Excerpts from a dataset
---+---
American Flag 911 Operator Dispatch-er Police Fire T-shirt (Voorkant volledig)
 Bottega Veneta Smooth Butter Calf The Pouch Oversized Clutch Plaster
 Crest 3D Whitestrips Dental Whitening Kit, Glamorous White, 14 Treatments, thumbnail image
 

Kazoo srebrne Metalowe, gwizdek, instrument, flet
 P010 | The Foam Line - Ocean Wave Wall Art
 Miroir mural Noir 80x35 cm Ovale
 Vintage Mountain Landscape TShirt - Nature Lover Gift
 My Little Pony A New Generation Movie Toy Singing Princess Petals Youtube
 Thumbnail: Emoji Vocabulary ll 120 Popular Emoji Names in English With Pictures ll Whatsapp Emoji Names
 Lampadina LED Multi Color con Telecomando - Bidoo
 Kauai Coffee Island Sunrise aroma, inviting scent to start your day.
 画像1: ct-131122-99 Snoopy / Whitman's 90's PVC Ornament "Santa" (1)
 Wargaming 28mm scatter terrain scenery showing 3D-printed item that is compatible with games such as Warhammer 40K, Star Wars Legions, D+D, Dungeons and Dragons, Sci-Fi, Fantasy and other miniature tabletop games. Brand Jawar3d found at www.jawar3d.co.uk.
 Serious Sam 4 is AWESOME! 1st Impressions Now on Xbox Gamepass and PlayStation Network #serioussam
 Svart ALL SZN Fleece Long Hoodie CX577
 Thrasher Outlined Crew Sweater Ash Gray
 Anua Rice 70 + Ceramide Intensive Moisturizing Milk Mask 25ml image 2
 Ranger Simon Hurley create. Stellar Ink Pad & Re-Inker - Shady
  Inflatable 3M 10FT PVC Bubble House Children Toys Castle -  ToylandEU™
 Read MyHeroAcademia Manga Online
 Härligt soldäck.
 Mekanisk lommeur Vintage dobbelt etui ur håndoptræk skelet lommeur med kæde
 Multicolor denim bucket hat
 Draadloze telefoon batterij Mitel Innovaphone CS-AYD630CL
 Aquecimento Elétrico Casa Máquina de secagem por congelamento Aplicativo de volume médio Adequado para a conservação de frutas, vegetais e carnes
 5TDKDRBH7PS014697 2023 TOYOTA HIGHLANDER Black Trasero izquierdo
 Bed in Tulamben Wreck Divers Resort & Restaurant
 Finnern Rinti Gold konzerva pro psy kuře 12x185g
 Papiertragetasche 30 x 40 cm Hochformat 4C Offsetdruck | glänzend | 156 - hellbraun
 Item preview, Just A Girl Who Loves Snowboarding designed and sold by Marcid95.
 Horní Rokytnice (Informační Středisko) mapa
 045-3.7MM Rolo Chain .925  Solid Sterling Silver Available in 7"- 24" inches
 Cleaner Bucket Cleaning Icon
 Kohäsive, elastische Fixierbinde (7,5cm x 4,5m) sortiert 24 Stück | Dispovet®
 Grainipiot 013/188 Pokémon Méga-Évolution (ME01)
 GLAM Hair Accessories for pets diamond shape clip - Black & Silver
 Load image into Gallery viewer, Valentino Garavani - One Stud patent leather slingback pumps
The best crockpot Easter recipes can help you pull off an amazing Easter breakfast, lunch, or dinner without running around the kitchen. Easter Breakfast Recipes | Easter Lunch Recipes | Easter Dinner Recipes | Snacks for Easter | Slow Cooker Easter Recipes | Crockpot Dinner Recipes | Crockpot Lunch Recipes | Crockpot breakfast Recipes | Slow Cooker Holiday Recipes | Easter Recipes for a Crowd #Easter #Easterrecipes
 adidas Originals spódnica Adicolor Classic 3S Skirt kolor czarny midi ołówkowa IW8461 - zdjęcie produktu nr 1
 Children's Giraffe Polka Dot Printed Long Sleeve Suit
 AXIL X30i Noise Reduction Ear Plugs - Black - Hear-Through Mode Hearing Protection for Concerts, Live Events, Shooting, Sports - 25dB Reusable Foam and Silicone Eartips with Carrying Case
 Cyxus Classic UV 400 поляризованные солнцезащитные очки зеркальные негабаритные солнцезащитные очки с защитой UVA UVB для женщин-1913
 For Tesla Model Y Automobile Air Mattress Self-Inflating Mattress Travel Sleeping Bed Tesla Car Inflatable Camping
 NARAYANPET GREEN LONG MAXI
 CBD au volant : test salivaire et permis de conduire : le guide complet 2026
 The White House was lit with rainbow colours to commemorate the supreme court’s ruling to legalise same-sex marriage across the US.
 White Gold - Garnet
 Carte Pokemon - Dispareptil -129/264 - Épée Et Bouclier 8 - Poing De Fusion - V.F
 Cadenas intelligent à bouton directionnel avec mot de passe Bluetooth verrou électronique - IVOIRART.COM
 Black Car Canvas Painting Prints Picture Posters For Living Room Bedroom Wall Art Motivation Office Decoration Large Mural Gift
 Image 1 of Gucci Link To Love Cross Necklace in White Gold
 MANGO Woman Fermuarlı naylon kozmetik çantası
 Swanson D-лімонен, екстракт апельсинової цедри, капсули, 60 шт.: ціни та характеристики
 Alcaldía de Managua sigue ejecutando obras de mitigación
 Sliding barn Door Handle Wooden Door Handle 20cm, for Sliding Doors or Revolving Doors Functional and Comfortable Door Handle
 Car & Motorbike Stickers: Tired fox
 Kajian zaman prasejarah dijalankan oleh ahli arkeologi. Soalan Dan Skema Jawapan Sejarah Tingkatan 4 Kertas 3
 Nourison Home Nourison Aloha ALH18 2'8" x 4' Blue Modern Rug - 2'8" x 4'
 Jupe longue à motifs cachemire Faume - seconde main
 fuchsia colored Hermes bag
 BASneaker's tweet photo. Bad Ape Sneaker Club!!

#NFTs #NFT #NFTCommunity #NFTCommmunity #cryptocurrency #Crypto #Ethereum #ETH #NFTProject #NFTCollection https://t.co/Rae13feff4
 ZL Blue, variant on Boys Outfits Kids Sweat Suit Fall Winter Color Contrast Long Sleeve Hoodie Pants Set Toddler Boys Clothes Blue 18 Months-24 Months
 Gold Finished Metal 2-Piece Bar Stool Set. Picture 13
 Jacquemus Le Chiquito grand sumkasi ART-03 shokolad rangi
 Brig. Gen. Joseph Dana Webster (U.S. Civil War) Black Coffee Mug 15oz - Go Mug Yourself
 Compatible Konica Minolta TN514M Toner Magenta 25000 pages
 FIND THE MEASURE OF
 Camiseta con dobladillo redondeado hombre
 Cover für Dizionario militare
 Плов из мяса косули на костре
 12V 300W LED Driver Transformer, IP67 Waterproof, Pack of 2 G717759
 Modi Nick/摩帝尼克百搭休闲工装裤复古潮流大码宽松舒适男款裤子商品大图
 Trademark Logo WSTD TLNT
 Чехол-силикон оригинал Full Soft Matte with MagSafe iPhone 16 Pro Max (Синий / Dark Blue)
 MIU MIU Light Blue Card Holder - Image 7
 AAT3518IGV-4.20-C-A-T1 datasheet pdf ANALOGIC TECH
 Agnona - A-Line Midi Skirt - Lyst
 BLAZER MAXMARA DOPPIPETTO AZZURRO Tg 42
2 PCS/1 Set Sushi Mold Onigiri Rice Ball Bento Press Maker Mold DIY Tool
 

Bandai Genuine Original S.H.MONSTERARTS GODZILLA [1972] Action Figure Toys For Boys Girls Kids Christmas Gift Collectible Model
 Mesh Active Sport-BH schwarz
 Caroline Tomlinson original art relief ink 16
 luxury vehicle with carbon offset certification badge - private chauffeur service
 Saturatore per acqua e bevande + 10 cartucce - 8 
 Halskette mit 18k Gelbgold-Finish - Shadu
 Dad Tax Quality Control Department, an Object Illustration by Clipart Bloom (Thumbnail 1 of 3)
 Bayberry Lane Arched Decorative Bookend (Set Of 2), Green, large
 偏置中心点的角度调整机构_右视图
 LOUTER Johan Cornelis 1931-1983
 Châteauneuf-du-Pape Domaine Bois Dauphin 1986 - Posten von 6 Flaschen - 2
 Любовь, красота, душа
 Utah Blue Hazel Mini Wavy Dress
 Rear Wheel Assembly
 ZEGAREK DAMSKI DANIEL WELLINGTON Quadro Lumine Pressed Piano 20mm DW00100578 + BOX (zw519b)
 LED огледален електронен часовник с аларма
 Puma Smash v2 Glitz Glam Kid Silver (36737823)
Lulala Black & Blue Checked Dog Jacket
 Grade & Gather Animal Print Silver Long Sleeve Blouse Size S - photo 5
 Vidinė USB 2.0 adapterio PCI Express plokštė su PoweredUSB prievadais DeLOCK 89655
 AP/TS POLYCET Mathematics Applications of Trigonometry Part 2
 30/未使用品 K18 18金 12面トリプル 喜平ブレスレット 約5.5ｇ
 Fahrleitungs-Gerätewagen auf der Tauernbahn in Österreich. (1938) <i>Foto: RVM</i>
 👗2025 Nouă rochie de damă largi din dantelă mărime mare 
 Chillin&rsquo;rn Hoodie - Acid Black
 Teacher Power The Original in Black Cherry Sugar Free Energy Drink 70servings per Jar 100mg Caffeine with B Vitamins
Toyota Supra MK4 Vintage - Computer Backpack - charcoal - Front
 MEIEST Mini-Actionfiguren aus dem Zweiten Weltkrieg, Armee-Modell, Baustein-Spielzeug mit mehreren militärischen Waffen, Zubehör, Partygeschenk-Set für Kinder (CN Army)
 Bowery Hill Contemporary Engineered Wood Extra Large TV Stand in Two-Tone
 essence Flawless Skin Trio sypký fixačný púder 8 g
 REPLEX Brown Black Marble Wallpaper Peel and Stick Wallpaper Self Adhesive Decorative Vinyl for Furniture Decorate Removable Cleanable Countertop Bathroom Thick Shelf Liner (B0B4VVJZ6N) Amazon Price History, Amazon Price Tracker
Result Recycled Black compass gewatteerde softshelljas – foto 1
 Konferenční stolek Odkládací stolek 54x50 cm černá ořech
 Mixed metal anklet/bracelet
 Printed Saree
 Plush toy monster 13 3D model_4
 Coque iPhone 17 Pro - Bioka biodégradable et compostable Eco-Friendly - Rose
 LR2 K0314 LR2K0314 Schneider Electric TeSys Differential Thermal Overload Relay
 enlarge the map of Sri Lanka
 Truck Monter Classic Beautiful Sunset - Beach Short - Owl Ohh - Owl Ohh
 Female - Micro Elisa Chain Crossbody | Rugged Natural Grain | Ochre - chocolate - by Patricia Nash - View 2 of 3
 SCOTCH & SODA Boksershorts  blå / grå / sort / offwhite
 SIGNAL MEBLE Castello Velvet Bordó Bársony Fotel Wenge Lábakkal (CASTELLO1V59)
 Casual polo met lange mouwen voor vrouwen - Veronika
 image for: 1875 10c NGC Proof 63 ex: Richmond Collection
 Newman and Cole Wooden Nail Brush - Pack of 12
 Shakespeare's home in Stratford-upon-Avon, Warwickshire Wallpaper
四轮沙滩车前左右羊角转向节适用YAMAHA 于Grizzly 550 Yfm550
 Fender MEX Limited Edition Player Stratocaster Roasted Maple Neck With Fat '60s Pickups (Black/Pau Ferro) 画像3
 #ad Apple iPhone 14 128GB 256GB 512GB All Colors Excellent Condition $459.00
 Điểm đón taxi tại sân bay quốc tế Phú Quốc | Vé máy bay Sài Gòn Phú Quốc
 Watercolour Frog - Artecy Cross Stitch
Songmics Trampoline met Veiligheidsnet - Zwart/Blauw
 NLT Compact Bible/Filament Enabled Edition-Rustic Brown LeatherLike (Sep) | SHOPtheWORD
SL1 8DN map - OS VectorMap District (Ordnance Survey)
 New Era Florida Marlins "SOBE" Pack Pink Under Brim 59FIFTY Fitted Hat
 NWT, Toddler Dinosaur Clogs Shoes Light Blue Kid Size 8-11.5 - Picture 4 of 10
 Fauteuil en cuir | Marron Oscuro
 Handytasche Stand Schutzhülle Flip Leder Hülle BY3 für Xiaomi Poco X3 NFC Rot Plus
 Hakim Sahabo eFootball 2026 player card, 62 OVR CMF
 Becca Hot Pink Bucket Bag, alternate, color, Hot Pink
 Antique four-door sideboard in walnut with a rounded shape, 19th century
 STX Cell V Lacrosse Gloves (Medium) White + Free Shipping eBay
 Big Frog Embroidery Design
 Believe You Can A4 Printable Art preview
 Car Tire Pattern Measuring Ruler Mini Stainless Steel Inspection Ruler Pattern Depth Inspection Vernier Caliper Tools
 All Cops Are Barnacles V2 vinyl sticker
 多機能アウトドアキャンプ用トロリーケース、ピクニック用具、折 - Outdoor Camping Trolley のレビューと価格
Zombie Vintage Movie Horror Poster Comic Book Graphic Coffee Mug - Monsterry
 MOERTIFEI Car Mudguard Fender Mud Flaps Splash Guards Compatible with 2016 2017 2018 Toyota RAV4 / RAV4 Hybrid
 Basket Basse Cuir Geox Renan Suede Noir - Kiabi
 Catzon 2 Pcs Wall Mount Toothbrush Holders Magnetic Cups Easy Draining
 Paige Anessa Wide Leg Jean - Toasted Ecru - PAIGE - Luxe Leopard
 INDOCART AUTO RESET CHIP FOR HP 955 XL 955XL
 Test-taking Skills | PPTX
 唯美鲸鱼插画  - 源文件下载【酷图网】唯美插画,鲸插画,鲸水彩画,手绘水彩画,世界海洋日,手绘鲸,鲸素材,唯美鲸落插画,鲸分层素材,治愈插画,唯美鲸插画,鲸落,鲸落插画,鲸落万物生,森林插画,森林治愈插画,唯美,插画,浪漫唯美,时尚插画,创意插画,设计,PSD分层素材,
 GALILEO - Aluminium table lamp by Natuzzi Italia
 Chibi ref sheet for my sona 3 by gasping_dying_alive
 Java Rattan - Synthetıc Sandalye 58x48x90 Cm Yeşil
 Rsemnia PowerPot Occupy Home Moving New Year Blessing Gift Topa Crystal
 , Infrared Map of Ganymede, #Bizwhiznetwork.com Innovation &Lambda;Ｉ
---+---
• [TASK TO COMPLETE]
Would you please reproduce the records above exactly, only from their first line through the line holding "Multicolor denim bucket hat", with both ends included?

• [EXERCISE SOLUTION]
American Flag 911 Operator Dispatch-er Police Fire T-shirt (Voorkant volledig)
 Bottega Veneta Smooth Butter Calf The Pouch Oversized Clutch Plaster
 Crest 3D Whitestrips Dental Whitening Kit, Glamorous White, 14 Treatments, thumbnail image
 

Kazoo srebrne Metalowe, gwizdek, instrument, flet
 P010 | The Foam Line - Ocean Wave Wall Art
 Miroir mural Noir 80x35 cm Ovale
 Vintage Mountain Landscape TShirt - Nature Lover Gift
 My Little Pony A New Generation Movie Toy Singing Princess Petals Youtube
 Thumbnail: Emoji Vocabulary ll 120 Popular Emoji Names in English With Pictures ll Whatsapp Emoji Names
 Lampadina LED Multi Color con Telecomando - Bidoo
 Kauai Coffee Island Sunrise aroma, inviting scent to start your day.
 画像1: ct-131122-99 Snoopy / Whitman's 90's PVC Ornament "Santa" (1)
 Wargaming 28mm scatter terrain scenery showing 3D-printed item that is compatible with games such as Warhammer 40K, Star Wars Legions, D+D, Dungeons and Dragons, Sci-Fi, Fantasy and other miniature tabletop games. Brand Jawar3d found at www.jawar3d.co.uk.
 Serious Sam 4 is AWESOME! 1st Impressions Now on Xbox Gamepass and PlayStation Network #serioussam
 Svart ALL SZN Fleece Long Hoodie CX577
 Thrasher Outlined Crew Sweater Ash Gray
 Anua Rice 70 + Ceramide Intensive Moisturizing Milk Mask 25ml image 2
 Ranger Simon Hurley create. Stellar Ink Pad & Re-Inker - Shady
  Inflatable 3M 10FT PVC Bubble House Children Toys Castle -  ToylandEU™
 Read MyHeroAcademia Manga Online
 Härligt soldäck.
 Mekanisk lommeur Vintage dobbelt etui ur håndoptræk skelet lommeur med kæde
 Multicolor denim bucket hat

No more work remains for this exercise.